» **Exercise aim**
Could you copy exactly the lines from the one containing "Used 2017 Ford" through the last line of the records, leaving out every picture?

── Records for this exercise ──

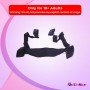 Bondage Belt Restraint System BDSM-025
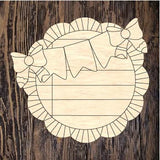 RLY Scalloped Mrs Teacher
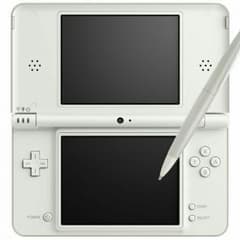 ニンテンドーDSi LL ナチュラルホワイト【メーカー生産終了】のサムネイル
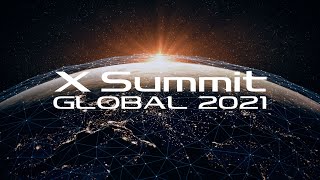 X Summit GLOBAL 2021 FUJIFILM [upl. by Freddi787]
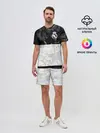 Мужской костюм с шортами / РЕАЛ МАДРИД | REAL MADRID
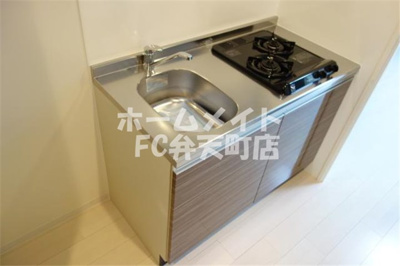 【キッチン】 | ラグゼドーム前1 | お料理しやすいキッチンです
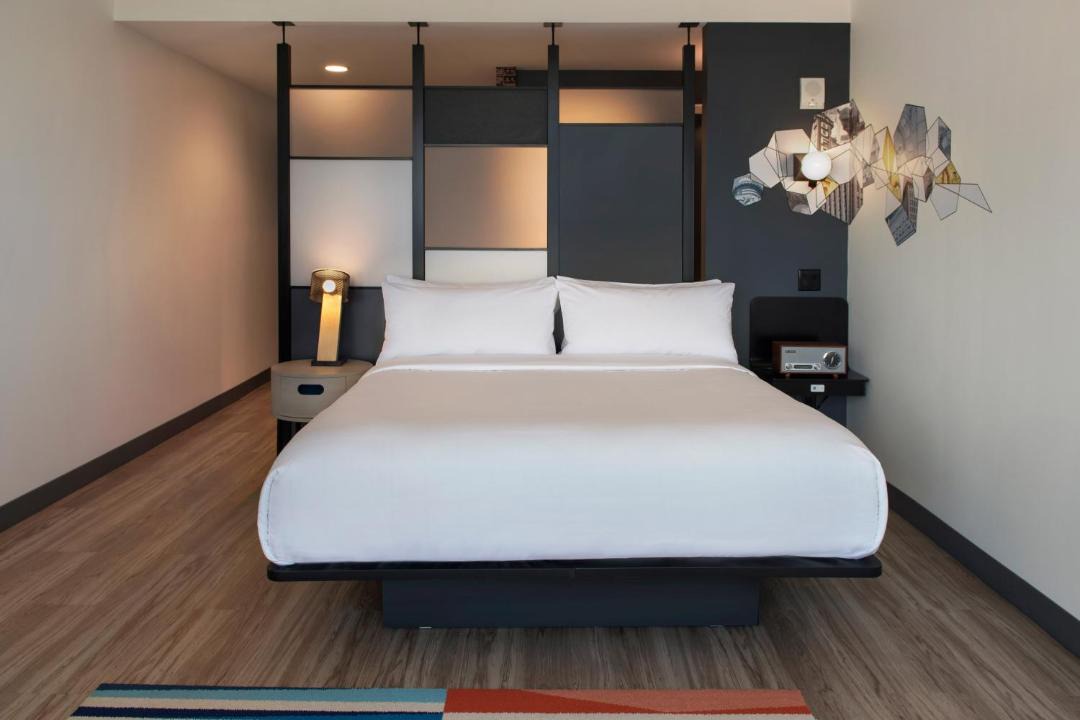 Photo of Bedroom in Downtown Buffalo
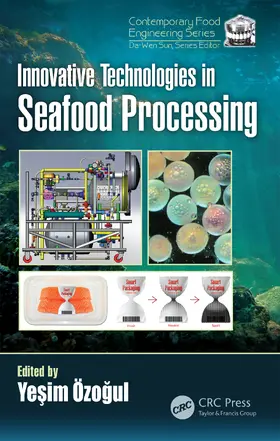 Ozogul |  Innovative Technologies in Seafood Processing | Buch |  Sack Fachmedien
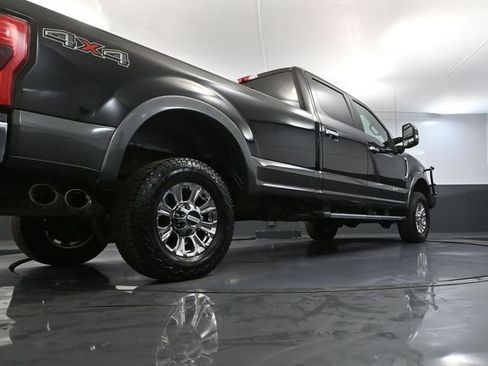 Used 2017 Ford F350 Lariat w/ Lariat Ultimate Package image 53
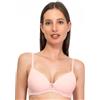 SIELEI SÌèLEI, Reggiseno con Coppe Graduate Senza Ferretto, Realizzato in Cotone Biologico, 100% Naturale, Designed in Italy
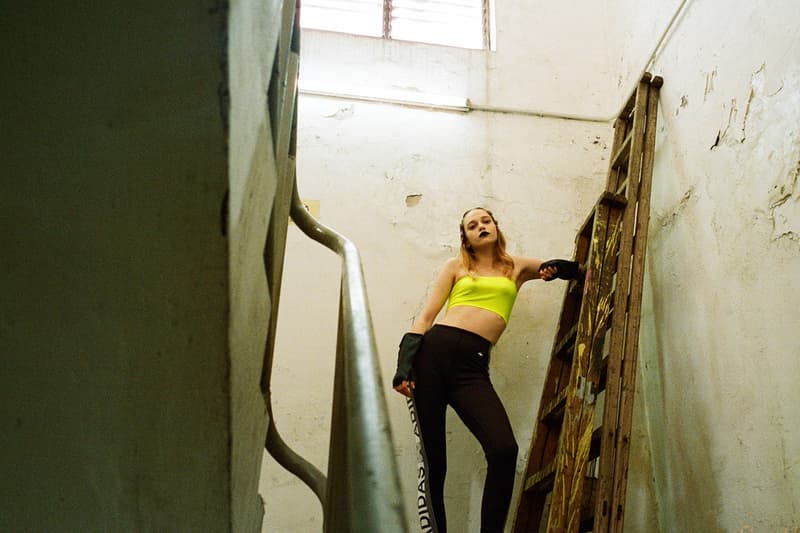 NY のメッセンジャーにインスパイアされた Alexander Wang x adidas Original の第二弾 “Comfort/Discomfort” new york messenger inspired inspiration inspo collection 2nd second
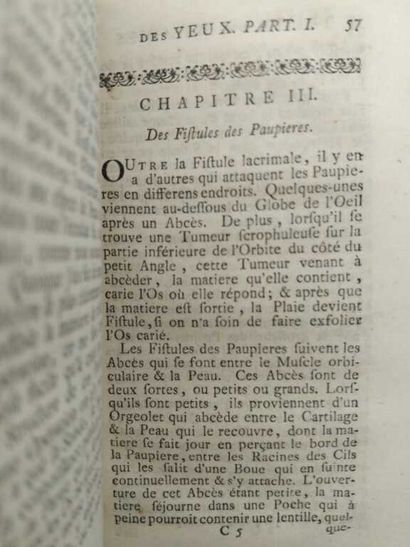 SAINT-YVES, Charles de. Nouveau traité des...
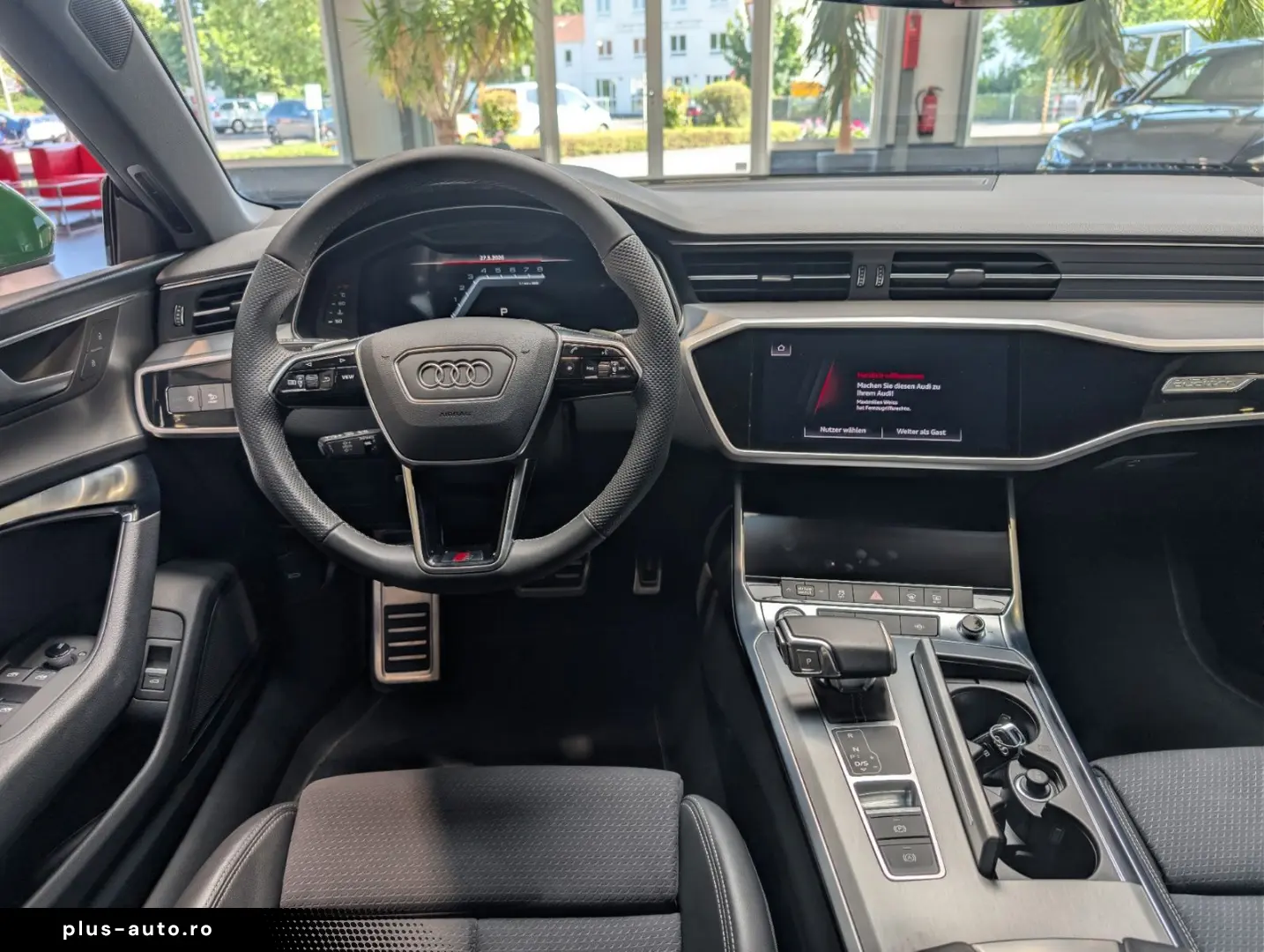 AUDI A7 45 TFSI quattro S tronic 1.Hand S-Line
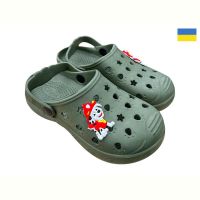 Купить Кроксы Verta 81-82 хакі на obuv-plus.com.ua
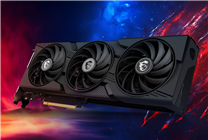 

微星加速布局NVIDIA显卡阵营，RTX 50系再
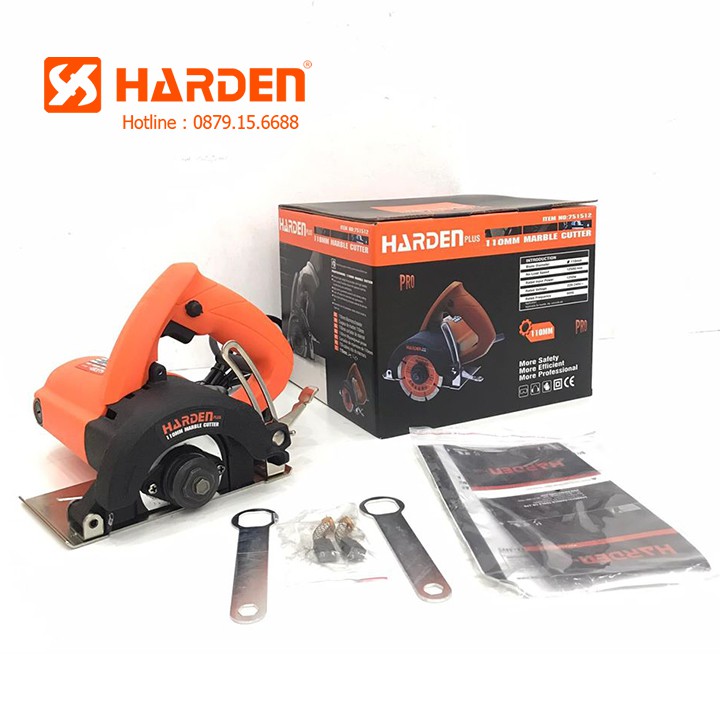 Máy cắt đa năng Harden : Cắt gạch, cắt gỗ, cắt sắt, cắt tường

───

» **Final answer**
 Used 2017 Ford F350 Lariat w/ Lariat Ultimate Package image 53
 SIELEI SÌèLEI, Reggiseno con Coppe Graduate Senza Ferretto, Realizzato in Cotone Biologico, 100% Naturale, Designed in Italy
 NY のメッセンジャーにインスパイアされた Alexander Wang x adidas Original の第二弾 “Comfort/Discomfort” new york messenger inspired inspiration inspo collection 2nd second
 SAINT-YVES, Charles de. Nouveau traité des...
 AUDI A7 45 TFSI quattro S tronic 1.Hand S-Line
 Купить Кроксы Verta 81-82 хакі на obuv-plus.com.ua

微星加速布局NVIDIA显卡阵营，RTX 50系再
 Máy cắt đa năng Harden : Cắt gạch, cắt gỗ, cắt sắt, cắt tường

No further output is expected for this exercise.